The global economic slowdown has led countries to push the limits of the pact, which even Commission president Romano Prodi has described as "stupid".
The key proposal involves allowing countries in a sound overall financial position to run deficits to fund long-term spending, but also introduces new disciplinary measures.
So far, Commission warnings have only been applicable to countries who do not keep their public deficit below 3% of GDP.
Germany has been ticked off because its deficit is expected to be above 3% this year, while France was given an "early warning" because of fears it might breach the limit too.

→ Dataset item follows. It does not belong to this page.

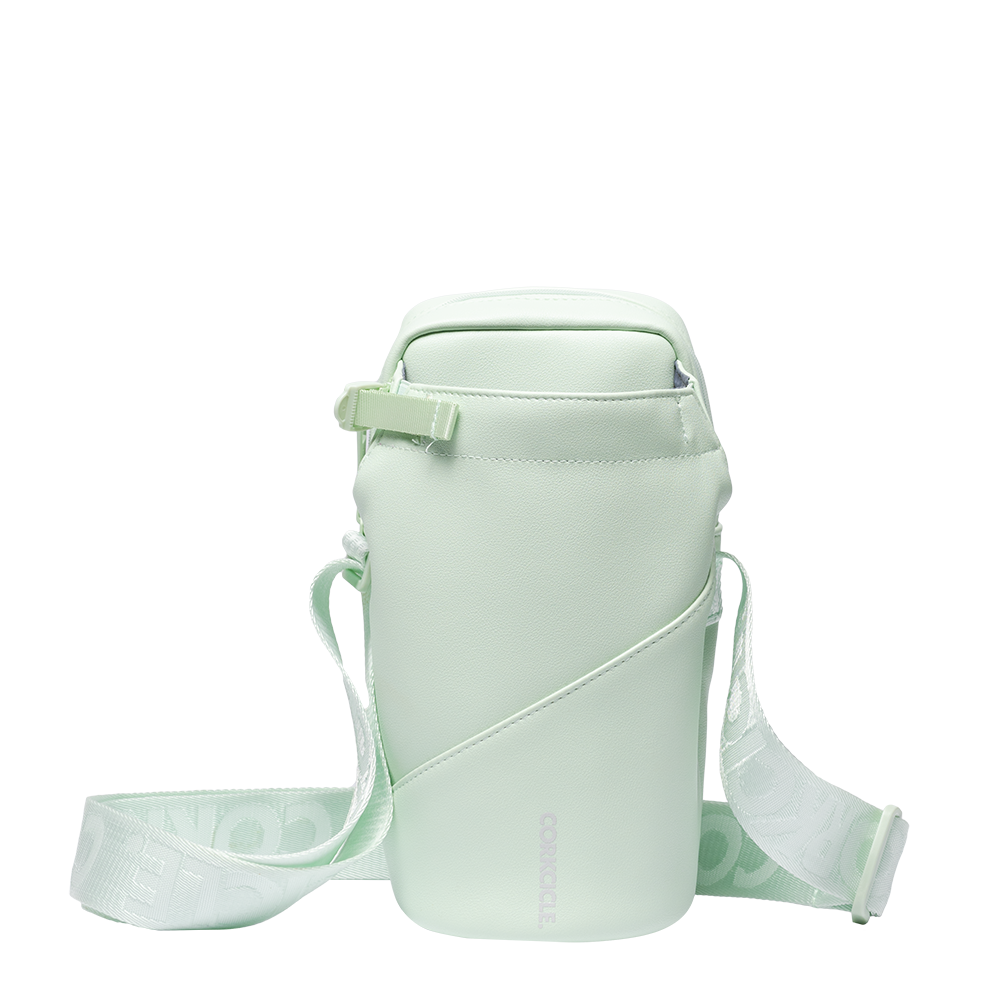 sling-l0 92S-W25-SM-01.png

Economic and Monetary Affairs Commissioner Pedro Solbes said the reforms were not serious enough to warrant renegotiating EU treaties.
The Commission hopes the proposals will be agreed by EU leaders at a Brussels summit in March.
Team play
The proposals would give more leeway to countries that have low debt to borrow to finance investment or reforms.
But there would also stricter action, with fines as the ultimate sanction, against countries which do not make enough progress in cutting debt.
Fines have so far only been applied to budget deficits.
While Italy and Greece are the biggest concern, both countries have committed themselves to debt reduction, the Commission said.
Mr Solbes also accused euro zone members of not applying enough peer pressure to keep countries in line.
"We can only move forward if we play by the rules," he warned.
EU finance ministers in February rejected an "early warning" which was asked for by Brussels against Germany and Portugal over their widening deficits.